Philippe Stefanini : « Il faut cultiver des aliments durables »

Le docteur Stefanini parcourt la planète à la recherche des plantes qui pourront sauver l'humanité de la famine. Chercheur au CNRS-Ades, il lance un cri d'espoir en faveur de cette alimentation du futur.

Plantes & Santé. Depuis des années, vous sillonnez la planète à la recherche d’aliments durables. Quelle est votre définition d’un tel

aliment ?

Dr Philippe Stefanini. Un aliment durable dispose d’abord de qualités nutritives avec une abondance de protéines, de minéraux, d’oligo-éléments, de vitamines. Il ne doit pas contenir de particules néfastes à la santé humaine tels que résidus de glyphosates, perturbateurs endocriniens, métaux lourds ou additifs toxiques. Rustique, il doit aussi répondre à des critères agroécologiques. Sa culture nécessite très peu d’eau, pas d’intrant issu de la chimie de synthèse, les engrais verts étant les seuls utilisés. Exploitable sur de petites surfaces, son rendement à l’hectare doit être important pour être économiquement viable. Il doit absorber beaucoup de gaz carbonique. Et enfin, cet aliment doit entrer dans la culture alimentaire du pays où il pousse. Sinon, personne n’en mangera.

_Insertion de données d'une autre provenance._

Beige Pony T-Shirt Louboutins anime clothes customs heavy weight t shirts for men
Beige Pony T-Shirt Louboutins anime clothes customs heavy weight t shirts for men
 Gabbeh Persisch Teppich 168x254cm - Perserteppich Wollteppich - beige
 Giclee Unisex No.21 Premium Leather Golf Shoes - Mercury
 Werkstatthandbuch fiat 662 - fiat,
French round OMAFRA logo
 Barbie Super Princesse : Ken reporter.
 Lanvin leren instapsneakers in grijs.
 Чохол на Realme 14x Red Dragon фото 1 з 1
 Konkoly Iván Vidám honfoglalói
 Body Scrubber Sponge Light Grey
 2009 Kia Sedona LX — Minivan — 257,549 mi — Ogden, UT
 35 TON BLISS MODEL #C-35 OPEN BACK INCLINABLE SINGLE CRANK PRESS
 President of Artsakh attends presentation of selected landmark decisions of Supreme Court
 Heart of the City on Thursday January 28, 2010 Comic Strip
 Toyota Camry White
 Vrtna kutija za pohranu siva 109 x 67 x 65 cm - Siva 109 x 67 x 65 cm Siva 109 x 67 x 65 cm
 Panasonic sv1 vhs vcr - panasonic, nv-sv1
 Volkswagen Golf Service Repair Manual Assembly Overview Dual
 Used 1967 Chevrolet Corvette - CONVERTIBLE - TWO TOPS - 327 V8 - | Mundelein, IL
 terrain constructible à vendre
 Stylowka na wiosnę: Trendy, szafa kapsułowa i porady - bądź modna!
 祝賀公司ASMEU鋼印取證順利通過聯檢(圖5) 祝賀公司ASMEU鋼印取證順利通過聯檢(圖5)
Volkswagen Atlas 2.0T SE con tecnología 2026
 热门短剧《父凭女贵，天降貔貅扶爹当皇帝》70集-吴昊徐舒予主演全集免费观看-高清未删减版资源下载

Quels sont les bénéfices santé des aliments durables ?

Ces aliments peuvent nous permettre de réduire de 50 % les risques de santé liés à l’alimentation actuelle. En effet, l’espérance de vie en bonne santé baisse. Elle est passée de 64,1 ans en 2008 à 63,5 ans en 2010. On constate un effondrement de notre métabolisme et un net développement des maladies auto-immunes irréversibles. Aujourd’hui, l’épigénétique a démontré que notre alimentation occidentale inhibe gravement l’expression de nos gènes protecteurs. On s’en aperçoit d’ailleurs en pratiquant un examen qui permet d’analyser plus de 30 éléments sanguins, la lymphe, la salive et l’urine. Il nous faut donc retrouver une alimentation plus végétale, composée au maximum de 20 % de protéines d’origine animale et de 80 % de végétaux. En France, nous consommons 35 à 45 % de produits animaliers. C’est trop. Il faut être flexivégétarien et ne manger de la viande que deux à trois fois par semaine.

Sur quels types d’aliments portent vos recherches aux CNRS ?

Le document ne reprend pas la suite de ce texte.